Jacques Labouchere (born July 4, 1978) is an American singer-songwriter and guitarist living in Göteborg, Sweden.

Biography
Jacques is a singer-songwriter and pioneer of the New Weird Sweden folk movement, who was born near the trails of the Appalachian mountains in Sharon, Connecticut, US. He grew up all over the East Coast before moving to London in his teens only to return again to the US before heading back to the EU and settling in Gothenburg (Göteborg),Sweden where he now resides and is a citizen. He quickly started a band called Ghost Dance Disturbance that in their brief time together recorded 1 ep, "Welcome in the Cabin Fever", before disbanding after many local gigs in late summer 2006. He also sang backing vocals for We do not negotiate with terrorists as a guest musician on their first CD, and later joined the band to play bass for a brief period. After some time off he decided to make a comeback solo and has as of present released three full-length albums.
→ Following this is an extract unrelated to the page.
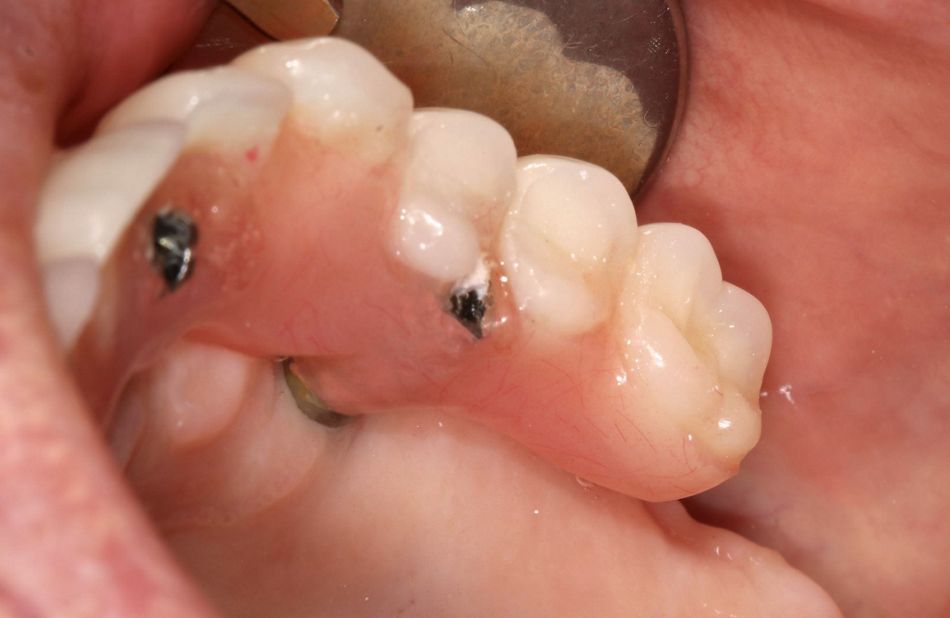 Fig 3 & 4: Cantilever length, 1.5 teeth on right side and 2 teeth on left side.
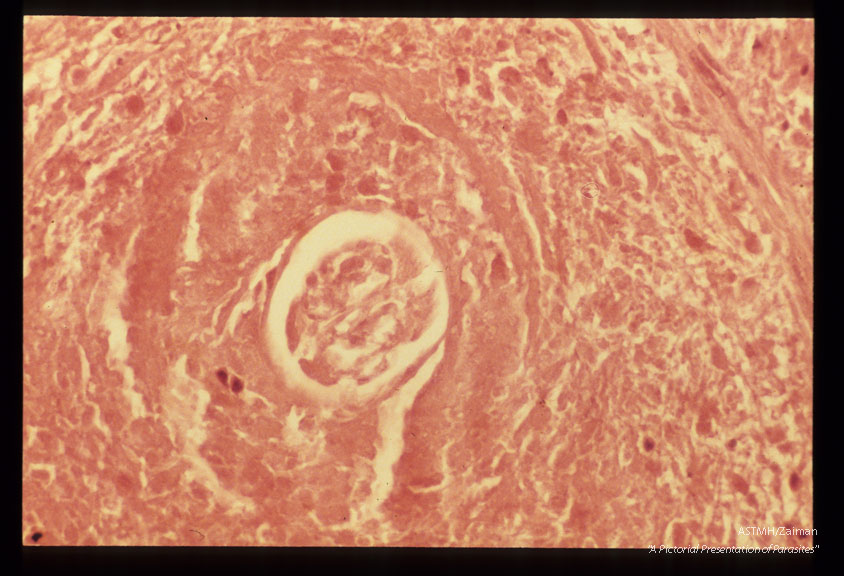 Low power view of same parasite. H&E stain.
Self-titled, "Jacques Labouchere" in 2007, recorded and produced by Martin Molin of Detektivbyrån, "Bi-polar Baby Strollers" in 2010, recorded at Music-a-matic Studios. And the latest album "Piece", was released on October 27, 2017.

His self-titled début was independently released in March 2007. He then released his 2nd album Bi-polar Baby Strollers and accompanying music video of the single "2nd Long Street" on June, 21st 2010.

On June 2, 2017 he released the first single; "It´s not what you think"; from his third album . The second single was released September 1 and is called "Do what you want".

Jacques shared the bill with Alan Mcgee, José González and his band Junip, at The Gothenburg International Film Festival (Europe's largest) in February 2011 and has started slowly to record his 3rd upcoming album with plans to release in 2012. He has a catalogue of many new songs that are redefining his sound and live performance constantly as he continues to tour wherever possible.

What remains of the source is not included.